Und Guttenberg ging zu Ground Zero

Unter der Überschrift "Guttenbergs Ground-Zero-Show" gibt Annette Ramelsberger in der "Süddeutschen Zeitung" dem emigrierten Ex-Bundesminister, der seinen Neuanfang in den USA vor der Presse am Gelände des World Trade Center inszenierte, den Rat:
Anstand hat oft auch mit Zurückhaltung zu tun. Oder wie Curt Goetz sagt: Einfach mal die Gelegenheit nützen und den Mund halten. Damit das Gedenken an die Opfer des Terrors im Mittelpunkt steht. Und nicht die eigene Show.
Angesichts des allgegenwärtigen Medien-buzz zum Thema 9/11 weiß man nicht so recht, ob man dieser neuen Variante von Guttenberg-Schelte wirklich zustimmen sollte. D.h., natürlich ist die Aktion wie schon andere Pressearbeiten zu Guttenbergs eher aufdringlich. Aber dafür ist hier die journalistische Haltung nun etwas willkürlich: Besteht "Anstand" für alle anderen darin, in die immergleiche Litanei - immerhin im Abstand von 10 Jahren zum tragischen Ereignis - zu verfallen? Je nachdem, inwieweit man den Regierungsinformationen zu 9/11 traut oder der einen oder anderen Verschwörungstheorie zuneigt, würde "Anstand" auch noch in ganz anderen Äußerungen und Maßnahmen bestehen. Und da hätte Annette Ramelsberger eine Menge zu tun, um unter ihren Kollegen "Anstand" durchzusetzen: nicht in pathostriefenden Formeln vermeintliche "Wahrheiten" zu verkaufen, die man selbst weder überprüft hat noch, vorerst, in vielen Fällen überprüfen kann; nicht einer von Interessen der Waffenindustrie und anderer Industriezweige Kriegsstrategie das Wort zu reden, die die USA an den äußersten Rand der Staatspleite getrieben hat.

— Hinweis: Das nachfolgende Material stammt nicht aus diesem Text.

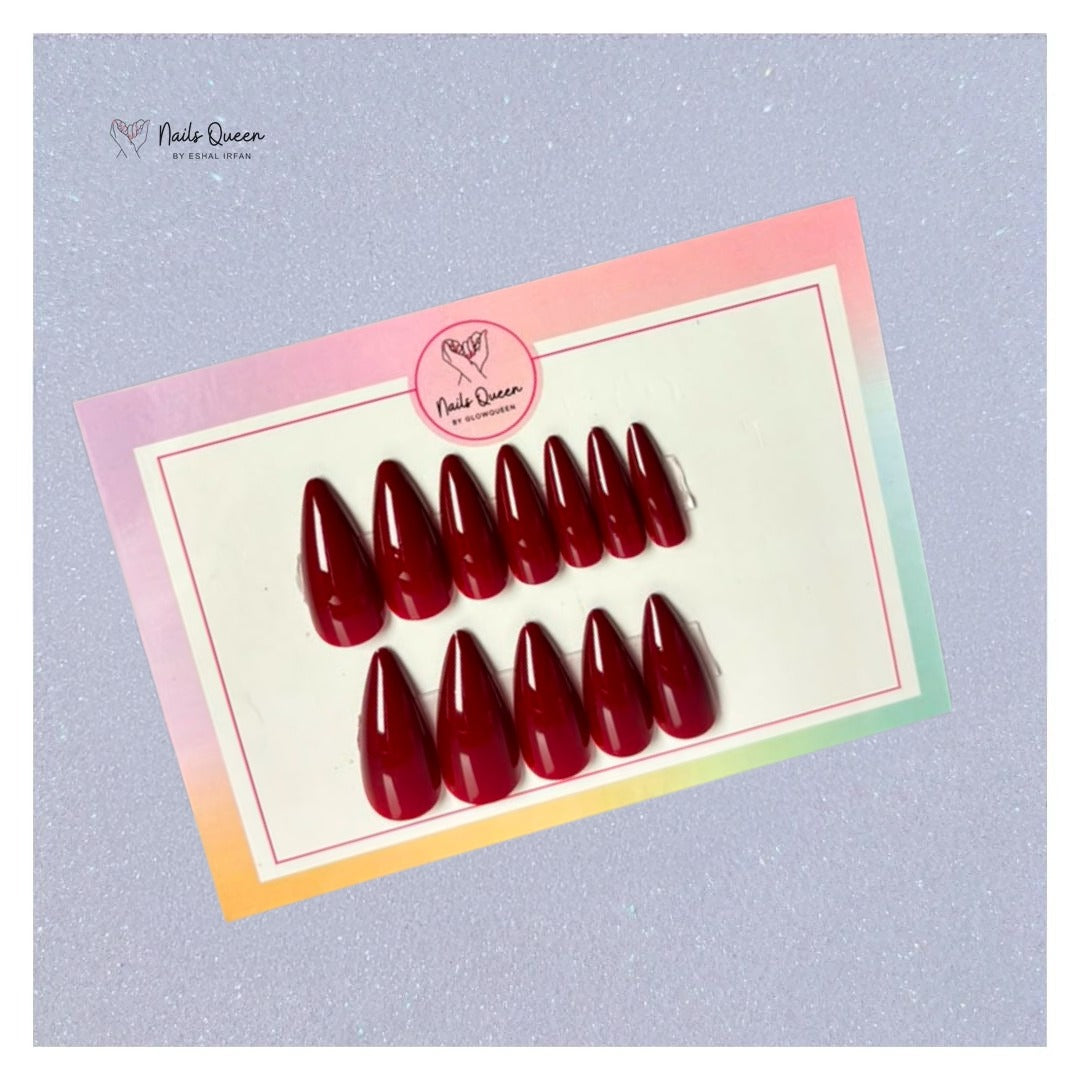 High-Gloss Deep Red Stiletto Press-On Nails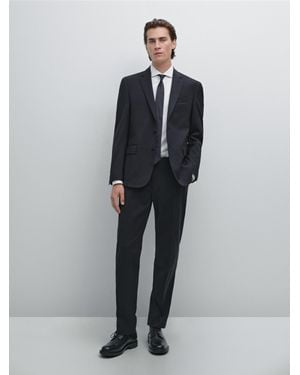 MASSIMO DUTTI 100% Wool Suit Blazer - Grey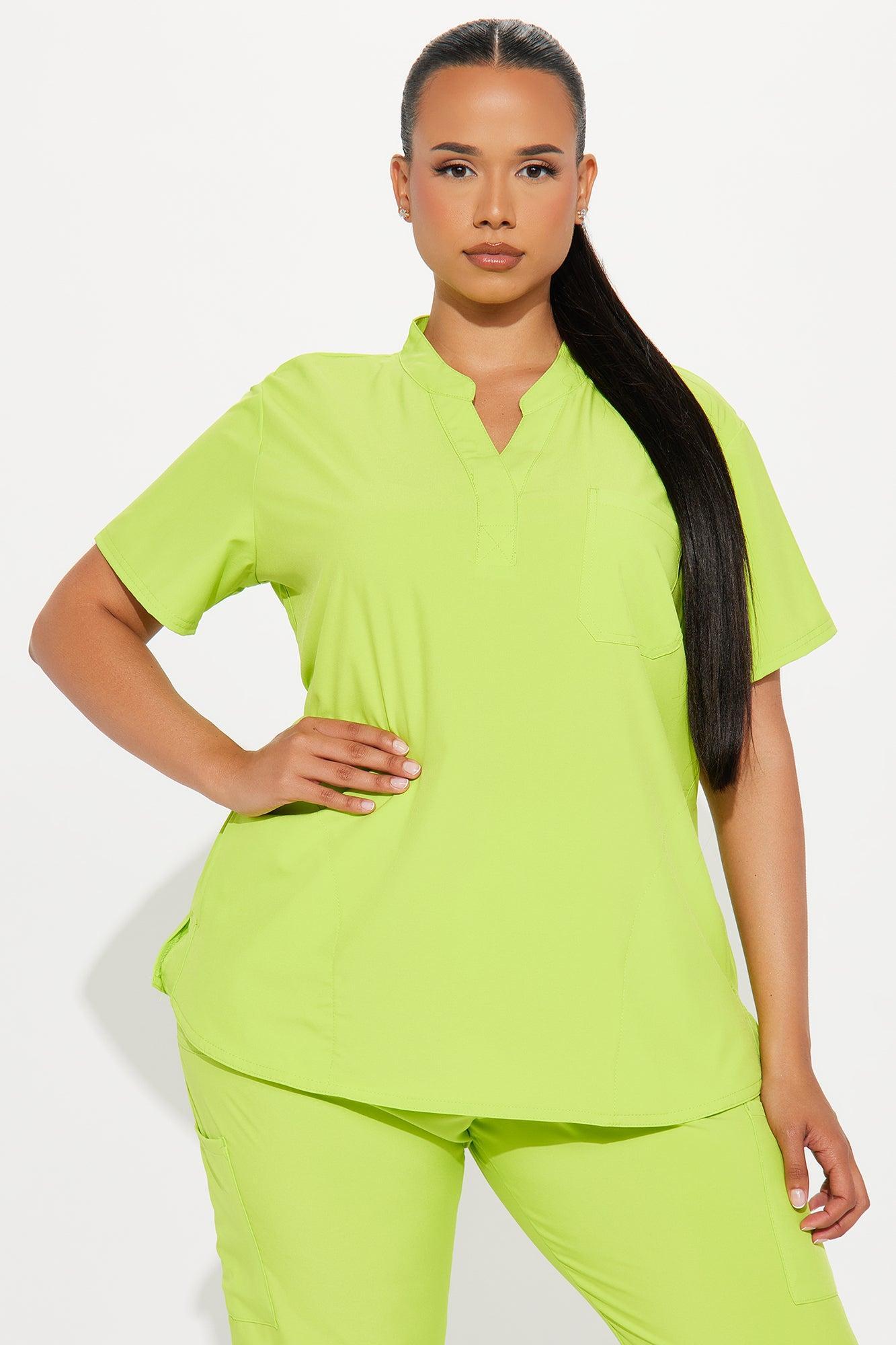 Take Care Stretch Scrub Uniform Jogger Set  - Lime Female Product Image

"Anstand" besteht eben auch darin, sich zu fragen, ob man weiß, was "Anstand" ist und die Grundlagen dieses Wissen selbst zu reflektieren. Und dann abzuwägen, was dringlicher zu tun ist, im Falle von Journalisten: Welche Artikel man tatsächlich schreiben sollte und auf welche man stattdessen verzichten kann.